Join Associate Professor Leslie Barnes, Dr Gemma King and Dr Russell Smith from ANU’s School of Literature, Languages and Linguistics in a conversation and Q&A on power, poetry, perseverance and the centrality of the outcast in Genet’s work.
This is a free event, but reservations are essential. Please RSVP with name and telephone number via rsvp@thestreet.org.au
Leslie Barnes
Leslie Barnes is an Associate Professor in French at the Australian National University. She is the author of Vietnam and the Colonial Condition of French Literature (Nebraska, 2014) and Sex Work in Southeast Asia: Scenes of Ambivalence in Literature and Film (Edinburgh, 2025) and co-editor of The Cinema of Rithy Panh: Everything Has a Soul (Rutgers, 2021). She is also the founder and convenor of the Asie du Sud Est Research Network, a group of international scholars working on textual representations of French Indochina, the contemporary nation-states of Cambodia, Laos and Vietnam and their diasporas.
Russell Smith
Dr Russell Smith is a lecturer in Modern Literature and Literary Theory at the Australian National University, Canberra.
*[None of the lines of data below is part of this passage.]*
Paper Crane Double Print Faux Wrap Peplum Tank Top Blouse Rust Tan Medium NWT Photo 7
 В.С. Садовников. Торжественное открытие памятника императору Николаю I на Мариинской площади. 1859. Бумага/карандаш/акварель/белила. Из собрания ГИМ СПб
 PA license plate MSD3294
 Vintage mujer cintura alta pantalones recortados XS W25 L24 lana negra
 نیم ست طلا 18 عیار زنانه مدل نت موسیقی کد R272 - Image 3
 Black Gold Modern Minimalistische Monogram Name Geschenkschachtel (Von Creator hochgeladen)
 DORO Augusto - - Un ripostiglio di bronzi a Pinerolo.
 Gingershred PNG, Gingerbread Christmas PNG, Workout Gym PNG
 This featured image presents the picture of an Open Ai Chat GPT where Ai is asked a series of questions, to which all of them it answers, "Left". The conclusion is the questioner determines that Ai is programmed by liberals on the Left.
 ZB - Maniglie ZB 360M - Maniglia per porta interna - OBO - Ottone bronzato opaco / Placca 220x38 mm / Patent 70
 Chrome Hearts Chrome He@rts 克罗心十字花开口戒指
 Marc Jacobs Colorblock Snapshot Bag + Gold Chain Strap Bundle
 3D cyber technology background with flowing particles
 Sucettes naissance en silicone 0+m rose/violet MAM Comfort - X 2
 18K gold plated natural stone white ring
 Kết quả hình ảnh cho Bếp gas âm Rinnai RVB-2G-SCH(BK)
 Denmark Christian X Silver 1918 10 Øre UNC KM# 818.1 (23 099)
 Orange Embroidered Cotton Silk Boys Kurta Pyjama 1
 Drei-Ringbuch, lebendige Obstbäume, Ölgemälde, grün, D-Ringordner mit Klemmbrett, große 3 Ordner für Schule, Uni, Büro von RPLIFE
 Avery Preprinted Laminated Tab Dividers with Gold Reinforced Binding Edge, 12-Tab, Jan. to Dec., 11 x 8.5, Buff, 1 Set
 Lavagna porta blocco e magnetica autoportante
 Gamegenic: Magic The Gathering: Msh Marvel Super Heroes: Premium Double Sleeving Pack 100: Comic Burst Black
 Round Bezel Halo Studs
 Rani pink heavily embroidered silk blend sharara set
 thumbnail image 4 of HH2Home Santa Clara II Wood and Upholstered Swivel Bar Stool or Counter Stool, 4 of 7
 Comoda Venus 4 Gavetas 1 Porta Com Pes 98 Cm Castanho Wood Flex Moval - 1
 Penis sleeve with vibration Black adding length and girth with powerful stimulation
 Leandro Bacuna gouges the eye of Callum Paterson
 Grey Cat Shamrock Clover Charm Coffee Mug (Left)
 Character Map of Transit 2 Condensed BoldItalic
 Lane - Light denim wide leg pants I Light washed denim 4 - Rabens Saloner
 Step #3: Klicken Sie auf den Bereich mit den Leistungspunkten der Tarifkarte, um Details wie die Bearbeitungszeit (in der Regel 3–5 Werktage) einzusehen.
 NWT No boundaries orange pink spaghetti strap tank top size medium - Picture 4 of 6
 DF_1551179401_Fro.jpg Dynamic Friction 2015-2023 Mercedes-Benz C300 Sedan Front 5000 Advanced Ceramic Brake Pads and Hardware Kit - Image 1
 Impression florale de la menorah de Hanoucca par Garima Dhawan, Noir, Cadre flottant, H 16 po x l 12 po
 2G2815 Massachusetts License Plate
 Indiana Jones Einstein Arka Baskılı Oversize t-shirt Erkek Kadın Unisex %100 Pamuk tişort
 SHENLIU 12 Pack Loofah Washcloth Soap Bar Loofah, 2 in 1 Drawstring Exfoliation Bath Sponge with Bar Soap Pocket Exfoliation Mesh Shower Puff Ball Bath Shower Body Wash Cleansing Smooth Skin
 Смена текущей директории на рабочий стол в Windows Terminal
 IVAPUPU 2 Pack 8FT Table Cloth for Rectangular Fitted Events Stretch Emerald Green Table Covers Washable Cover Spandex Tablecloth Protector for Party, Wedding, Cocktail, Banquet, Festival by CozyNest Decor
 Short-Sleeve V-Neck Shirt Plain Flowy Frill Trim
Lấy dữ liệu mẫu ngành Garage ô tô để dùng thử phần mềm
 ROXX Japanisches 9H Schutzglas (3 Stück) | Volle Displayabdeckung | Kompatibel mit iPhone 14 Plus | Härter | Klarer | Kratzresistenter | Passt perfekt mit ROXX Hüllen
He has published widely on the work of Samuel Beckett, as well as on various topics in modernist literature, contemporary literature and visual art, and literary theory. His current project examines the impact of James Joyce’s 1930s radio listening on the composition of Finnegans Wake and its treatment of the emerging global wireless communications network.
Gemma King
Dr Gemma King is a Senior Lecturer in French at the ANU and an Australian Research Council DECRA Fellow leading the project "Sign on Screen" about the representation of sign language and deafness in film and television. She is the author of two books, Decentring France: Multilingualism and Power in Contemporary French Cinema and Jacques Audiard. In May 2026, Sign on Screen will culminate in a free sign language film festival for the deaf and hearing public at the National Film and Sound Archive.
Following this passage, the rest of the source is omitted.